Some of the plants, like the peppers in the front, started indoors long before the weather allowed me to take them outside (a definite advantage of container gardening!), but even an indoor start didn’t stop them from problems in their growth. A round of aphids and then spider mites (evidently hitchhikers on some plants I brought in when it started to get cold last fall) came close to ending the lives of those three pepper plants on the left. (Neither insect probably could have gotten a foothold if I wouldn’t have been too sick to check my plants for a couple of weeks. Drat the flu!!)
With my limited energy, I look at this garden now and marvel at how far it has come and I credit most of that to God’s creative genius in giving plants the will to survive and to produce fruit. I also think about how much of my own work has gone into it. I’ve had to remove weeds, replant seedlings, carry water to the containers at least once a day (container plants need tons of water!), and trim off the old leaves to send the plant’s energy to the new growth.
In our day and age, if something happens to my garden, I can simply go to the grocery store and buy food to sustain me. Sure, the whole point of me growing a garden was so I didn’t have to go to the grocery, but at least I have that to fall back on. Now, imagine a world with no grocery stores, where the only food you have is what you’ve grown and stored yourself or what you can find on the land. Bugs are no longer a nuisance, but a threat to your own survival.

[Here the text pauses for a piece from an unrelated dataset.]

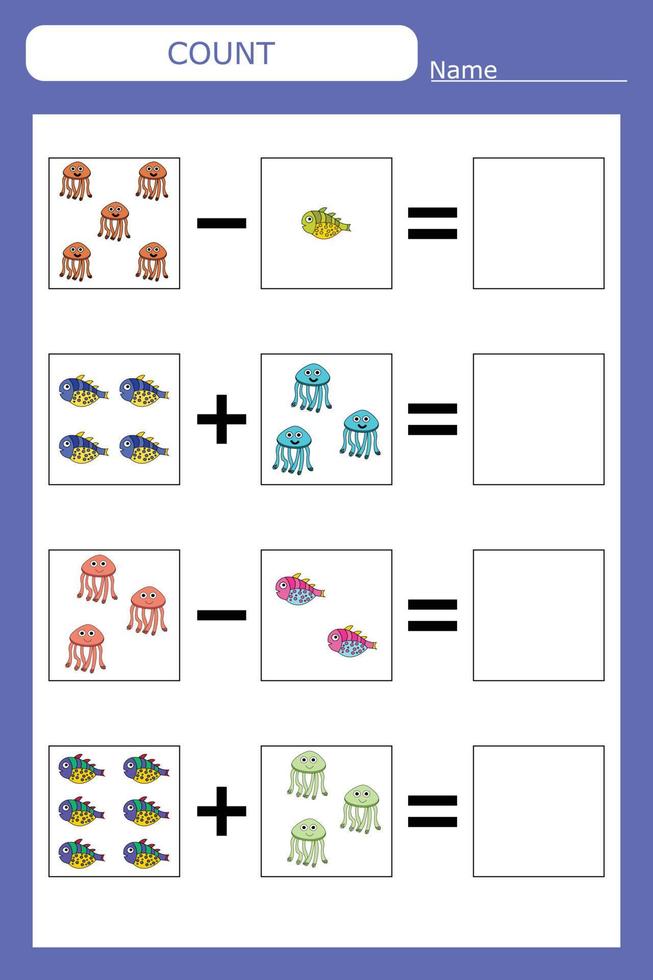 pedagogiskt spel för barn, barn. . spel att lära sig matematik, räkna spel. vektor illustration för utskrift, sida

When God asked His people to give Him the first fruits from their land, He was asking them to take a serious step of faith, a step that laid their very life on the line. By the time the first fruit was ready, most of their stored food was most likely gone. God was asking them to put their needs aside and give Him what they might have desperately needed themselves. He was asking them to trust Him, to show that they believed God would provide the food they needed if they gave Him the first of it.

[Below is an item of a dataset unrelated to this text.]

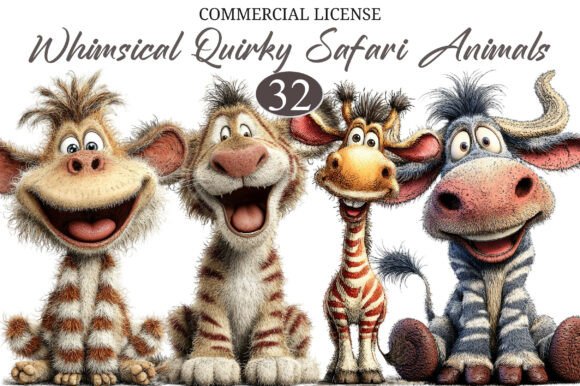 Download Whimsical Quirky Safari Animals Clipart - Premium Resources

I think it’s hard for us these days to understand the sacrifice God was asking them for with the first fruits offerings. Oh, yes, I eagerly wait for the first of each item to be ready to sample, the first radish, the first lettuce, the first Swiss chard, the first zucchini, the first watermelon, but if I give it to someone else, it’s not going to mean I will have to starve until the next one comes on. In Bible times, though, that’s what it might have meant.
I’m not sure if we can capture the feeling those Israelites had when they took that first fruit they’d been working so hard for and gave it up to God instead of using it for themselves, but we can remember what God asked of them and their willingness to believe He would provide for them if they put Him first. What might God be calling us to now, an act of sacrifice on our part that will show Him we are going to give up our own rights to something and offer it to Him with no strings attached? Maybe as we look at our gardens, we can remember to give Him the first as a sign of our trust in His goodness and provision for us.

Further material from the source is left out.